Alguns anos depois a tal época mágica se passou. Me formei do ensino médio, meus pais se divorciaram de forma pouco pacífica. Minha mãe, que deveria morar comigo, voltou para sua cidade natal e não aceitava deixar meu pai voltar para casa e me deixou morando sozinho. Não pude estudar fora do Brasil como queria e planejava por várias complicações econômicas envolvendo minha família. Entrei em uma depressão profunda e precisei de assistência psicológica. E, por conta de várias pressões vindo de meu pai, fui contra a minha vontade estudar direito. Meu pensamento nessa época era que eu precisava ganhar dinheiro para poder sustentar minhas irmãs e eventualmente meu pai. Tinha aceitado que a vida não seria o que eu queria que ela fosse e que a realidade era assim mesmo. Nunca gostei de direito, mas dava dinheiro, e era disso que precisava, então joguei meus sonhos e aspirações no lixo para fazer o que eu acreditava ser necessário. Entrei no curso de direito da PUC e, para a surpresa de nenhum dos envolvidos, odiei. Em minha memória, estes meses que passei cursando direito são quase como um sonho. Minha cabeça não estava 100% presente no momento em quase nenhuma hora. E apesar de tirar notas decentes, não lembro de quase nada do que me foi dado nesta época.

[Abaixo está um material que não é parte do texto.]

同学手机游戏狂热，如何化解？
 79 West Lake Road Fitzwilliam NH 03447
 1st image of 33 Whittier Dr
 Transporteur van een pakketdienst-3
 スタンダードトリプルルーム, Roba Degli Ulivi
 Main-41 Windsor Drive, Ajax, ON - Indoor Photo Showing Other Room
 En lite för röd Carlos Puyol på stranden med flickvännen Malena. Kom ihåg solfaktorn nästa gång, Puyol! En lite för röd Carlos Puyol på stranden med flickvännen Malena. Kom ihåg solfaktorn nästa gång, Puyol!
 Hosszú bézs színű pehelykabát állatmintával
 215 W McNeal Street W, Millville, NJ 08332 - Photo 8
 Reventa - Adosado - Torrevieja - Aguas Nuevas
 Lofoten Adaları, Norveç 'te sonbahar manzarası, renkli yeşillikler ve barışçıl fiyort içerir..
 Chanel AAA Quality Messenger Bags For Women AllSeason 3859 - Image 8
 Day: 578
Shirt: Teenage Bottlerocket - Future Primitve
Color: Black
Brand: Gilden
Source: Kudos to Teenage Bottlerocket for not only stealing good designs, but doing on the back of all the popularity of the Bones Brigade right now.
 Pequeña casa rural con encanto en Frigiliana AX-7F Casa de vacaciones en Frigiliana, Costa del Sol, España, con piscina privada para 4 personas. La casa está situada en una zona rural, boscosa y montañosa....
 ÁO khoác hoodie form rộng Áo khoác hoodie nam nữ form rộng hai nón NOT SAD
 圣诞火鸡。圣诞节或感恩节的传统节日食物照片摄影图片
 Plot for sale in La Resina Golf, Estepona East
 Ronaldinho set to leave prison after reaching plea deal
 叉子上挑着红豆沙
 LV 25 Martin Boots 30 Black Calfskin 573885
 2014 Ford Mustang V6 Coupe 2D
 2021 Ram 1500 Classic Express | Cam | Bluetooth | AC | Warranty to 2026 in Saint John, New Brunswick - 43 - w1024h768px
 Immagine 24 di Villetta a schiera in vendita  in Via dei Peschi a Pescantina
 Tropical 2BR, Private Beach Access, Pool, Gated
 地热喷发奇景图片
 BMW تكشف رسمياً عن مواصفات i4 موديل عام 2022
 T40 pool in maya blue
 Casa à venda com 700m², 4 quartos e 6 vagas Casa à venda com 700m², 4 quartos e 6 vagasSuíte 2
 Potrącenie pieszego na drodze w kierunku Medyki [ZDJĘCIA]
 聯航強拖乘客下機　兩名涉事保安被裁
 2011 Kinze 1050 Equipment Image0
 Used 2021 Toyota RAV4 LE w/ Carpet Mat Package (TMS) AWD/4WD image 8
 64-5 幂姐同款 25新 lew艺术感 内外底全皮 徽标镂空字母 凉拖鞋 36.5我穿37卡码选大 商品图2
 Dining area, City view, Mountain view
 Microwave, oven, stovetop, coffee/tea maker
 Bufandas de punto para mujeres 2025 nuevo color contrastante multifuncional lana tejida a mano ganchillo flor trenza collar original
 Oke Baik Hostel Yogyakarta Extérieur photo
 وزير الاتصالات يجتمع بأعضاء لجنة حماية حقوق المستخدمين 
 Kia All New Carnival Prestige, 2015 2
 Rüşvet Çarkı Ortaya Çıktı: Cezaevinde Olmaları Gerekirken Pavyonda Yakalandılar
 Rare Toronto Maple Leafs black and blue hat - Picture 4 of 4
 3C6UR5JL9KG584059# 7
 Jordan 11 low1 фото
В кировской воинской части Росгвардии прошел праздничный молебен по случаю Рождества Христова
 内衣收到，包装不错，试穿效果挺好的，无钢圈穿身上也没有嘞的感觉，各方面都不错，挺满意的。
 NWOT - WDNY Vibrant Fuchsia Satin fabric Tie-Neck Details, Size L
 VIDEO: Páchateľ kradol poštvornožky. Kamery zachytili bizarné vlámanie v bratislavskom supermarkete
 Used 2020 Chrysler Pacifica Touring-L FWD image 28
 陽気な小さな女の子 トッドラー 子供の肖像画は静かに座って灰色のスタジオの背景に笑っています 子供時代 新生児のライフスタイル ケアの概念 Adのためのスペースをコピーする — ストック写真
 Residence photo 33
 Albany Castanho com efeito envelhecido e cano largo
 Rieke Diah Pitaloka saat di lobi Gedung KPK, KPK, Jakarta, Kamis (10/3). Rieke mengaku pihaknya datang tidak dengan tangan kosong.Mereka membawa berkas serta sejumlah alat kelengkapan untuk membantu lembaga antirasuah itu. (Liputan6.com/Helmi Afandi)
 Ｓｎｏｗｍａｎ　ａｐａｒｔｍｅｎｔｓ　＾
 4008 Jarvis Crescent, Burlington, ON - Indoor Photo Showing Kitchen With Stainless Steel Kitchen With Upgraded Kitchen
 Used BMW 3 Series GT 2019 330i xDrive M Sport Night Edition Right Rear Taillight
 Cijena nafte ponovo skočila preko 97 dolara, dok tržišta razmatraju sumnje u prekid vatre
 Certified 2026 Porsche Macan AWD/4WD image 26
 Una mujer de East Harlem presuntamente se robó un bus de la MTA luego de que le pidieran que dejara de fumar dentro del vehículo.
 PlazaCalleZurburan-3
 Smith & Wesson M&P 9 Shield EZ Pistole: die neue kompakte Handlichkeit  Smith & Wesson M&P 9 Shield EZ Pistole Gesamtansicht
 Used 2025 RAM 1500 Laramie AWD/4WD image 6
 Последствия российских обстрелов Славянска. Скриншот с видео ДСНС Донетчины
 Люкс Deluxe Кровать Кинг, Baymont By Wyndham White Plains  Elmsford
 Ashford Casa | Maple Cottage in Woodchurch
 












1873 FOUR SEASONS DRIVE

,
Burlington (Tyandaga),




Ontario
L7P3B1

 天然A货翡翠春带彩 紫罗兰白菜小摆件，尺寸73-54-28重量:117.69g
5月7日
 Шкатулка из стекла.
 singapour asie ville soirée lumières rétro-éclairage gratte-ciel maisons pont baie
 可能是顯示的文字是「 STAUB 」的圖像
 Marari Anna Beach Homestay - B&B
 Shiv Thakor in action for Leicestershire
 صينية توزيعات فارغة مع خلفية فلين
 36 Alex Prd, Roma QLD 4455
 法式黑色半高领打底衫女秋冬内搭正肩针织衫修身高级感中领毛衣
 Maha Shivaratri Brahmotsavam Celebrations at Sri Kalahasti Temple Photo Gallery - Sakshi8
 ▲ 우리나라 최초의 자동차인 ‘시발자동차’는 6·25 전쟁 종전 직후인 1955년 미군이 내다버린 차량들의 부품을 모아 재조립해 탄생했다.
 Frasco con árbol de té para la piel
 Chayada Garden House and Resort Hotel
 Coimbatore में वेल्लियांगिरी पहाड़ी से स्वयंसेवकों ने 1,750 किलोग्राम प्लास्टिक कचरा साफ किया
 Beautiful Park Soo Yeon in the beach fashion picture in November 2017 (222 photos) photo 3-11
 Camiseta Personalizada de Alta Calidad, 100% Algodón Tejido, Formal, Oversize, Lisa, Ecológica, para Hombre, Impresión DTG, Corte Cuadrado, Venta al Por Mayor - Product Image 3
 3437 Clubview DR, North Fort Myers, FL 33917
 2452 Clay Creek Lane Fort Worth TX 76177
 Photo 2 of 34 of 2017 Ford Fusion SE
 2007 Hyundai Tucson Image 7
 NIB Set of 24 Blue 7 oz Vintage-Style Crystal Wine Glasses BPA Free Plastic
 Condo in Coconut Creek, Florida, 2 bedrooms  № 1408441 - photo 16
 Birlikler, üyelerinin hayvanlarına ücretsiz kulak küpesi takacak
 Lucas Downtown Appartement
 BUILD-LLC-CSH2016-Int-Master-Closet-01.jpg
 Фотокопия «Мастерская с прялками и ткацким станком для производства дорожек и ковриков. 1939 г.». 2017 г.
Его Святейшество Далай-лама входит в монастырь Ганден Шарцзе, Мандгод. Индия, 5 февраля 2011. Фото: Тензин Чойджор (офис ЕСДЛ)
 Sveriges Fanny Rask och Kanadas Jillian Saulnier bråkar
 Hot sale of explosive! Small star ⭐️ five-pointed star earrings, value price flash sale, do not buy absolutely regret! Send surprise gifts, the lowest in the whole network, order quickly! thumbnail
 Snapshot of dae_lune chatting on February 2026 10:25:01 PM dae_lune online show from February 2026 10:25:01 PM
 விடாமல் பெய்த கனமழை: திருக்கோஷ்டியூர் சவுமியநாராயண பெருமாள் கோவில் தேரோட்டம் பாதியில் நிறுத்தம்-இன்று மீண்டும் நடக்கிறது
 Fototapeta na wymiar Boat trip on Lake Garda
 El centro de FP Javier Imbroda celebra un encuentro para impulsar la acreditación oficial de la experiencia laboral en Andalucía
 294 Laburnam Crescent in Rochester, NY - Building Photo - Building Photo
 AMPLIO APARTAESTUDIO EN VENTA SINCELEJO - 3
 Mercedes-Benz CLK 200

Faye assistindo fitas antigas de seu passado

Foi então que, em meio a uma pequena crise nostálgica em relação a um passado que já parecia distante, decidi rever algumas das séries que gostava quando era mais novo, e entre elas, estava Cowboy Bebop. E desta vez finalmente vi tudo aquilo que não tinha percebido na primeira vez em que eu vi. Parecia uma série completamente diferente, e eu mal reconhecia alguns dos personagens. Mas foi a relação em comum que todos tinham com o passado que me pegou. Estava me vendo nos personagens; não necessariamente como eu era, mas como eu poderia ser. Foi então que percebi qual a verdadeira mensagem de Cowboy Bebop: É um fato que não podemos mudar o passado. Porém se focarmos somente nas consequências que o passado tem no presente, nós esquecemos das consequências que as nossas ações no presente podem ter no futuro.

Depois disso, decidi viver minha vida para o presente. Eventualmente saí da PUC e decidir cursar animação, algo que nunca tinha nem cogitado logicamente fazer da vida pelo simples motivo de não ser uma area que é exatamente lucrativa, e segui neste caminho puramente por ele me trazer felicidade. Além disso, quero algum dia produzir algo que tenha o mesmo impacto nas pessoas que Cowboy Bebop teve em mim, e quem sabe até ajudar alguém a se encontrar na vida como ajudou a mim. Desde então, olho para o passado sem arrependimentos, para o presente com satisfação, e para o futuro com esperança.